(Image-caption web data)
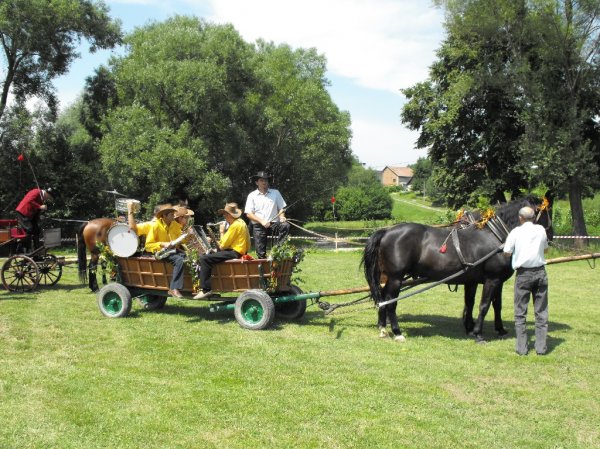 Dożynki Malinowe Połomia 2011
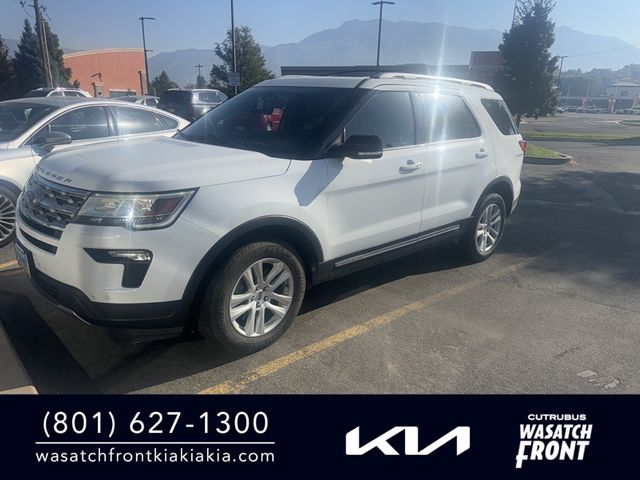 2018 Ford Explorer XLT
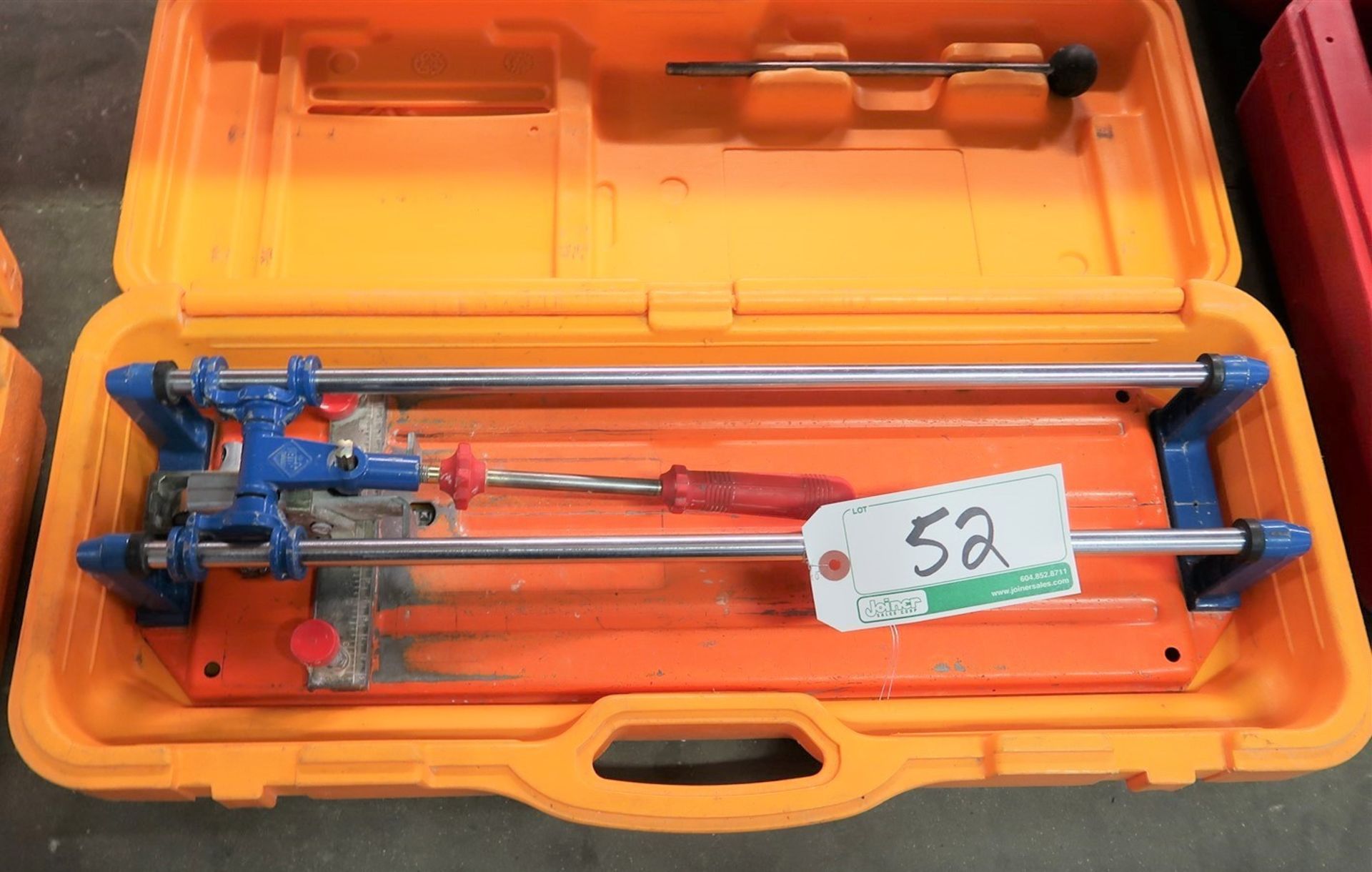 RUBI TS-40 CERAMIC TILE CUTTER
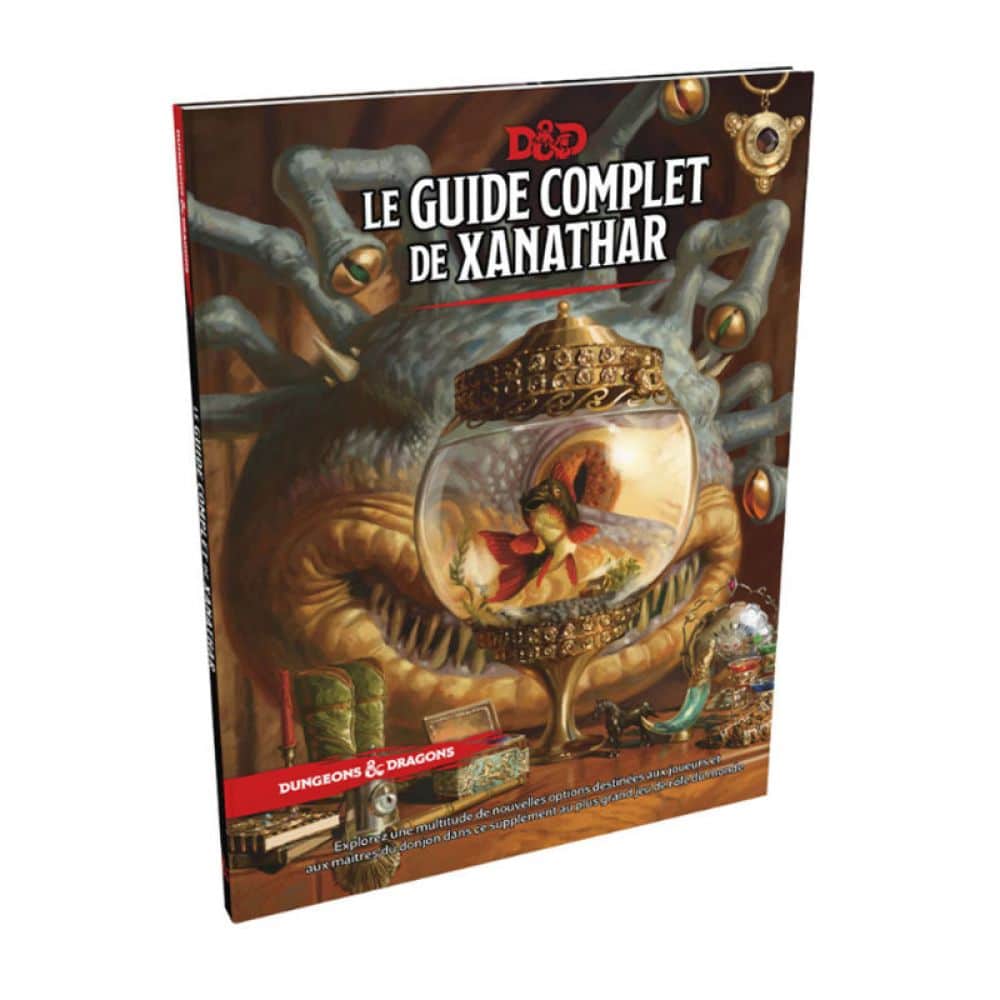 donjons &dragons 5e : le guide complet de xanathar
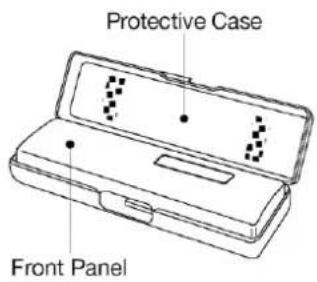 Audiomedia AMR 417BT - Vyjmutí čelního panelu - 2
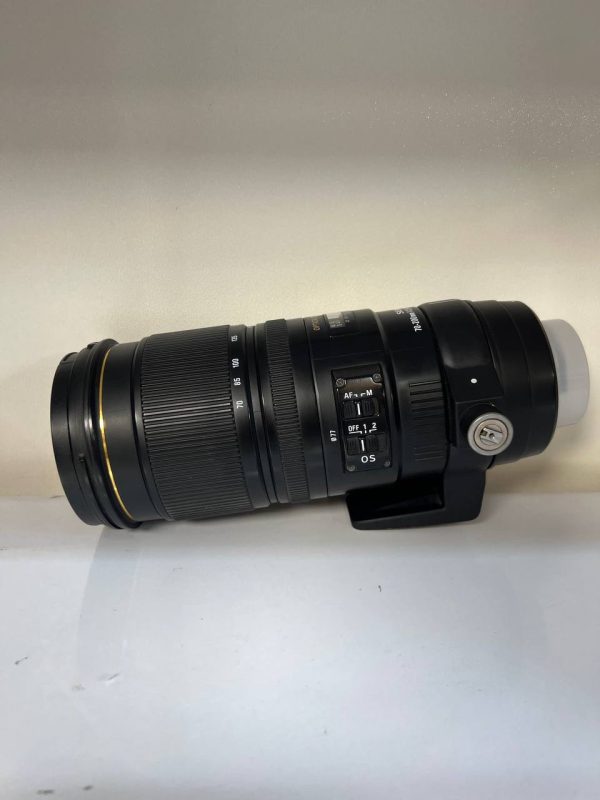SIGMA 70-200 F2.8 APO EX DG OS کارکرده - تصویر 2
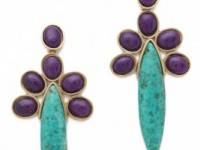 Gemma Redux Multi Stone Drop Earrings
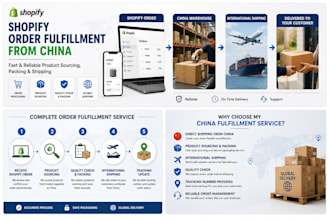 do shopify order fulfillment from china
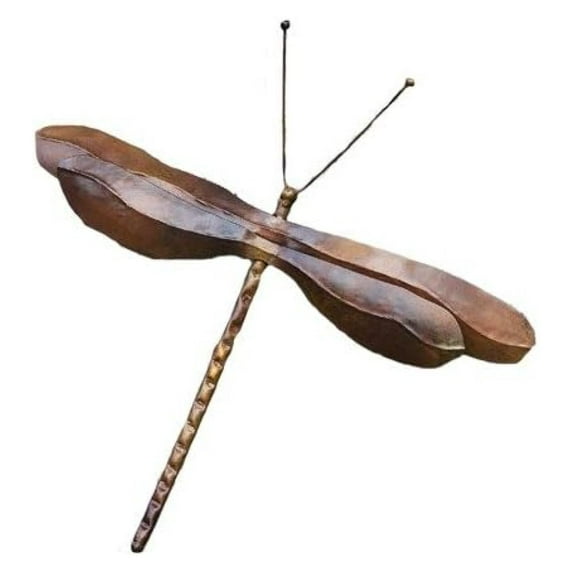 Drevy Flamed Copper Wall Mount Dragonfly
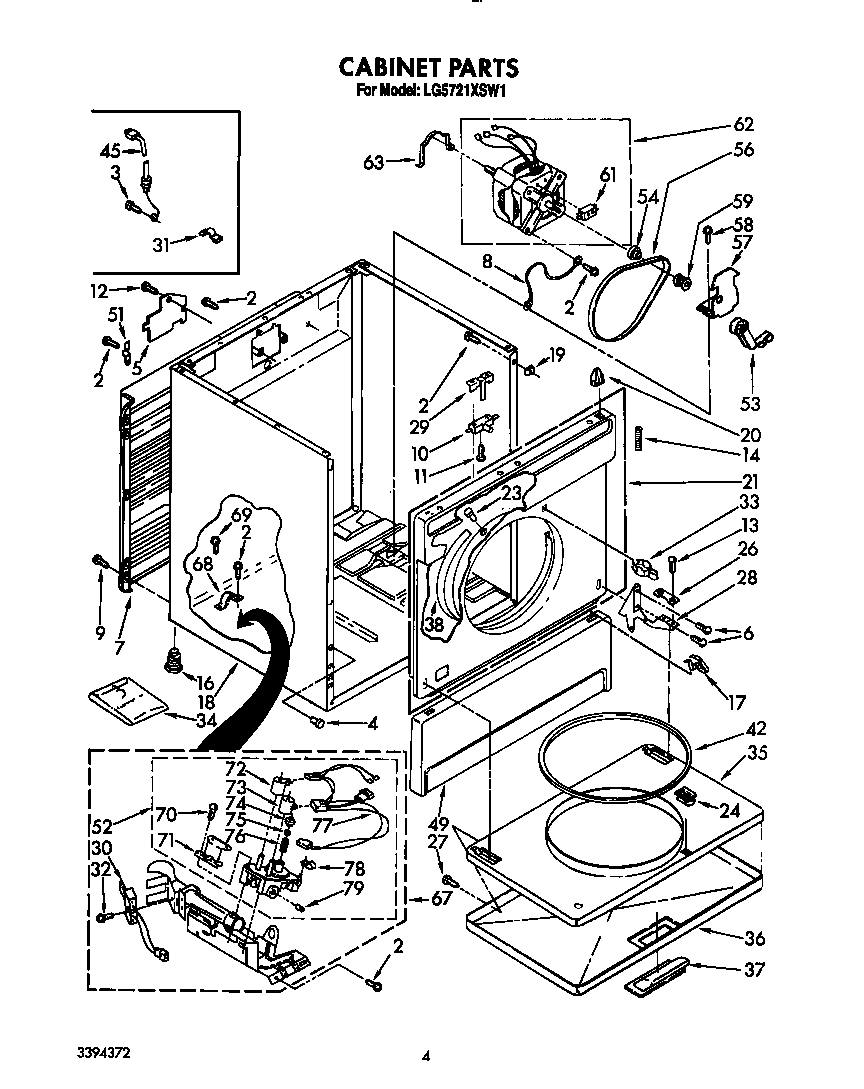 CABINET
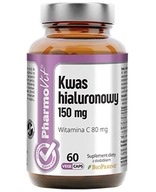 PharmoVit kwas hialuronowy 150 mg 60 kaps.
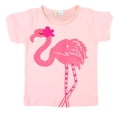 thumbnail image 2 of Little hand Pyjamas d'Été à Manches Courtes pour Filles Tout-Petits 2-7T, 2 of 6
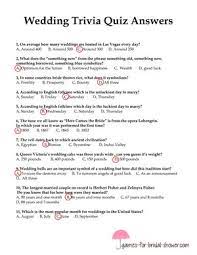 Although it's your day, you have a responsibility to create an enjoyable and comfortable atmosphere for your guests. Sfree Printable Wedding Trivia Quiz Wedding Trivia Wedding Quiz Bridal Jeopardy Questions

**Task to complete:** Output nothing but the entries above, exactly, once the pictures are removed.

**Exercise solution:**
 Dożynki Malinowe Połomia 2011
 2018 Ford Explorer XLT
 RUBI TS-40 CERAMIC TILE CUTTER
 donjons &dragons 5e : le guide complet de xanathar
 Audiomedia AMR 417BT - Vyjmutí čelního panelu - 2
SIGMA 70-200 F2.8 APO EX DG OS کارکرده - تصویر 2
 Gemma Redux Multi Stone Drop Earrings
 do shopify order fulfillment from china
 Drevy Flamed Copper Wall Mount Dragonfly
 CABINET
 PharmoVit kwas hialuronowy 150 mg 60 kaps.
 thumbnail image 2 of Little hand Pyjamas d'Été à Manches Courtes pour Filles Tout-Petits 2-7T, 2 of 6
 Although it's your day, you have a responsibility to create an enjoyable and comfortable atmosphere for your guests. Sfree Printable Wedding Trivia Quiz Wedding Trivia Wedding Quiz Bridal Jeopardy Questions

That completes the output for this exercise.